Compared with previous Evo models the new car has lower, stiffer suspension to move the centre of gravity closer to the ground, and there are revisions to the four-wheel drive transmission. With a new six-speed gearbox and a slightly lower final drive than before, the spread of ratios is now wider than with the previous five-speeder: first, second and third gears are much the same but fourth and fifth are lower and sixth in the new box is slightly higher than fifth in the old.

An integrated computer control system looks after both the centre differential (now an electronically-controlled multi-plate clutch rather than the Evo VII's viscous coupling) and the 'Super AYC' yaw control, which transfers torque between the rear wheels to improve traction and reduce understeer.

Also noticeable are styling changes (including reshaped air intakes and a new V-shaped nose) which are said to reduce drag and lift, and improve both straight-line stability and cooling efficiency. New wheels and new rear light clusters also set the Evo VIII apart from its predecessors. It's a comprehensive set of revisions, then, but one which comes without the expected price hike. Ralliart, the Mitsubishi motorsport and performance car division, is now an in-house sub-brand rather than a semi-independent operation, and one result is that prices have dropped, to £26,999 for the Evo VIII and £28,999 for the FQ-300 tested here.

From outside, the Evo VIII idles with a menacing burble but inside there's little to indicate the potency of the turbocharged engine. Response is docile as low speeds, but beyond 3000rpm the turbo comes alive and the Evo sprints for the horizon. Given the engine's off-boost lethargy, rapid progress means extensive use of the close-ratio gearbox to keep the engine speed in the top half of the rev counter scale: fortunately both clutch and gearchange, while heavier than the average shopping hatchback, are light for mechanisms built to deal with up to 301bhp (at 6200rpm) and 300lb ft of torque (at 4500rpm). Unless you're caught in the wrong gear out of a corner, performance is simply astonishing.

And you shouldn't have to slow down too much for the corners. The steering is direct and well-weighted (though the turning circle is bigger than you would expect) and body control exceptional thanks to anti-roll bars at both ends and firm damping.

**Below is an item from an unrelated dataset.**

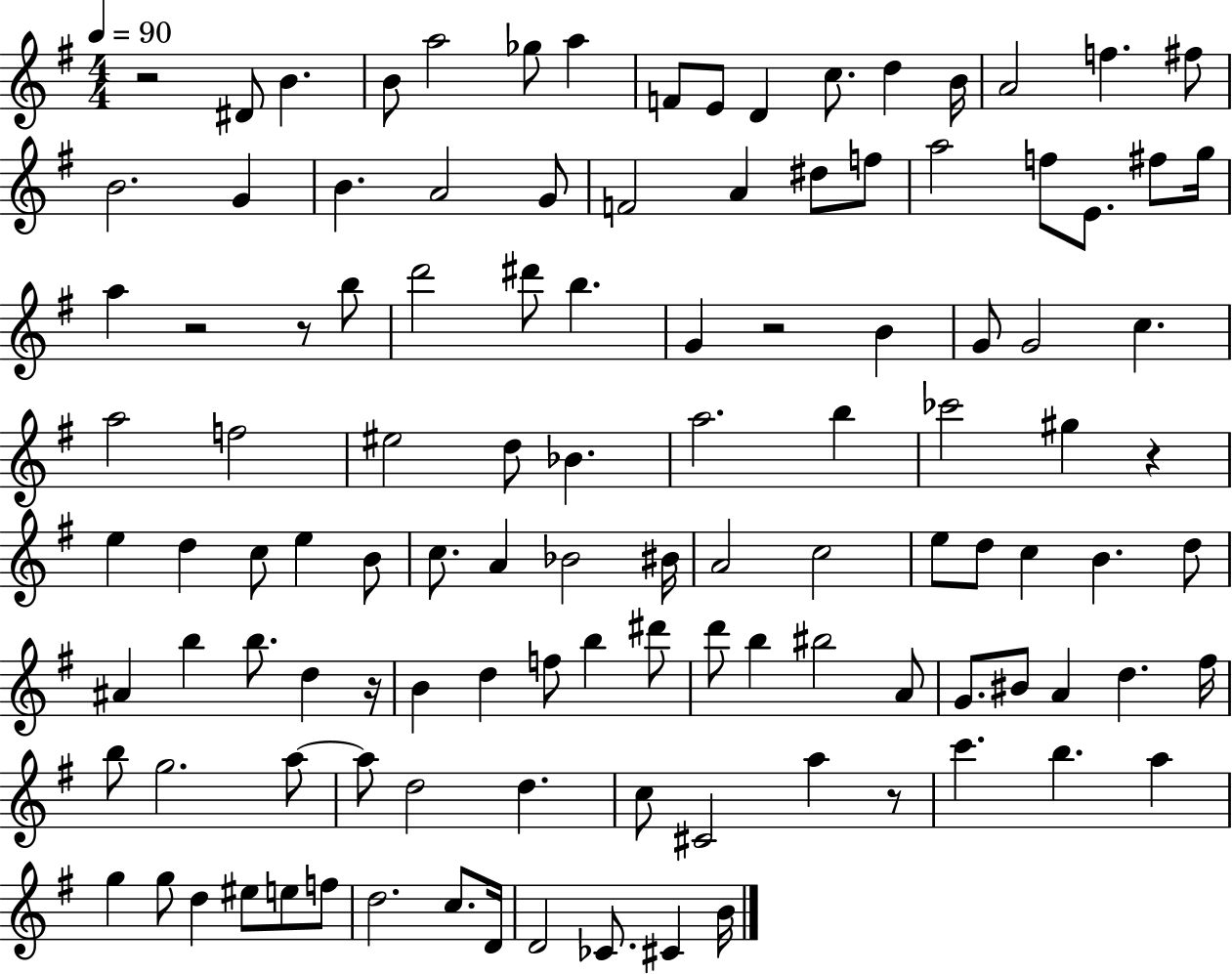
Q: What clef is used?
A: treble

Traction is tremendous: apply the prodigious power out of a corner and the Evo simply bites into the tarmac and rockets away, no matter what the weather conditions, the computer-controlled transmission juggling the torque between the wheels to quell understeer and avoid wheelspin.

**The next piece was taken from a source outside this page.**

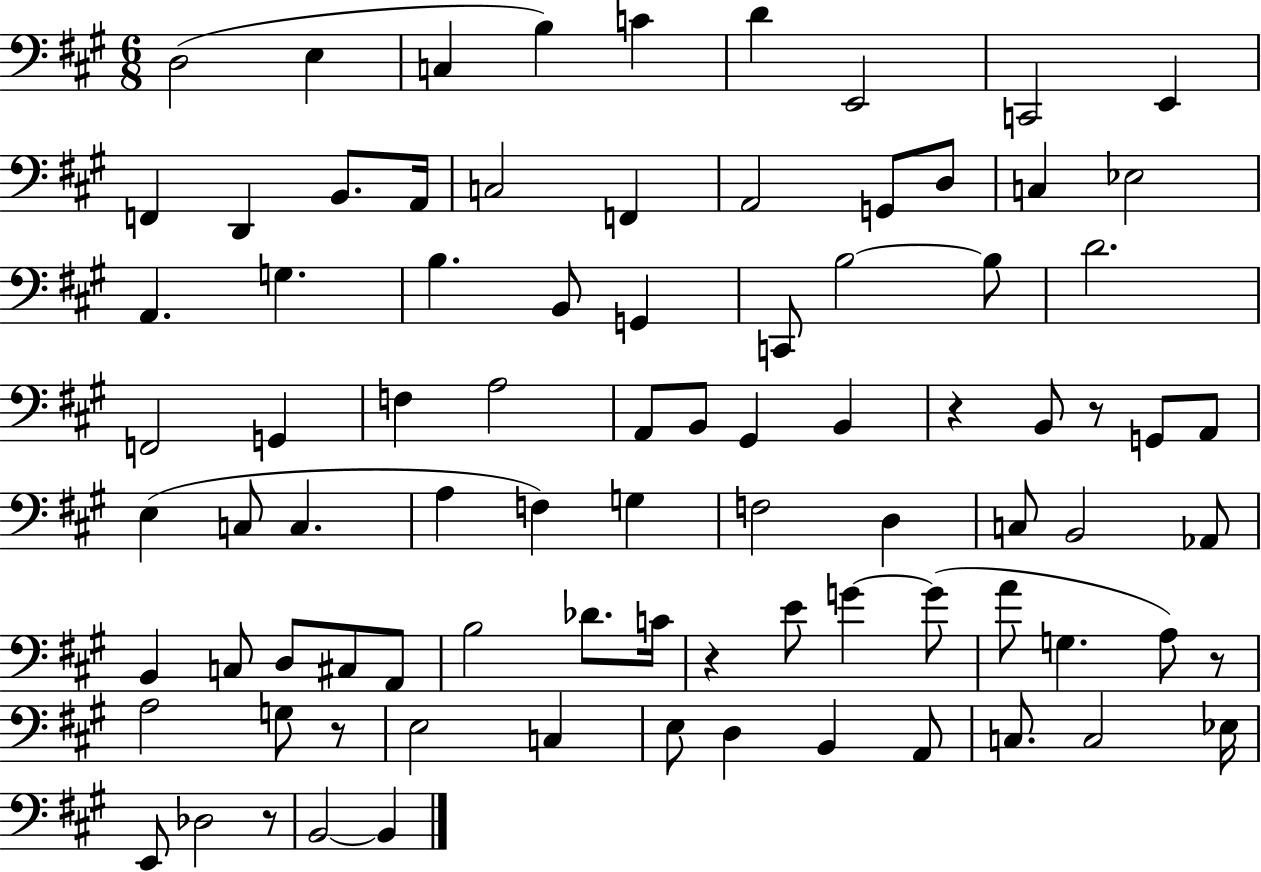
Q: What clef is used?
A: bass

Given a smooth road the Evo never feels less than secure, but the bumps and potholes you find on the average country road - the ones down here in Kent, at least - start to upset the Mitsubishi's composure. That feeling of security vanishes as the steering wheel fights in your hands, and the nose of the car dives left and right chasing every bump in the road.

Bumpy backroads are tricky to negotiate as a result, the Evo proving to be more of a handful than it should be on just the sort of roads where you would expect it to excel. As it is the Evo doesn't deserve the unstinting praise that some motoring scribes have lavished upon it because it doesn't deal sufficiently well with real-world road surfaces. On a smooth track I'm sure the Evo generates prodigious grip, but on a bumpy road it simply isn't as good as it ought to be.

While we're listing the demerits, let's also deal with the wooden ride (another result of that stiff suspension set-up), the low-rent interior trim and the relatively low level of equipment. But it's important to understand how important, or otherwise, these concerns will be to buyers: most people who are attracted to the Evo won't worry too much about the interior or ride or equipment, and will be pleased that that their money has been spent on the engine and transmission that gives the Evo its electrifying performance.

Certainly the Evo is one of the quickest road cars available, and the lack of fuss with which it can deploy its power is remarkable. But the spartan interior and stiff ride limit its appeal to enthusiast drivers - and the way it struggles to cope with bumpy roads compromises its appeal as a driver's car. As a car to deal with every road, in every circumstance, it struggles - but its appeal as a track day flier has never been greater.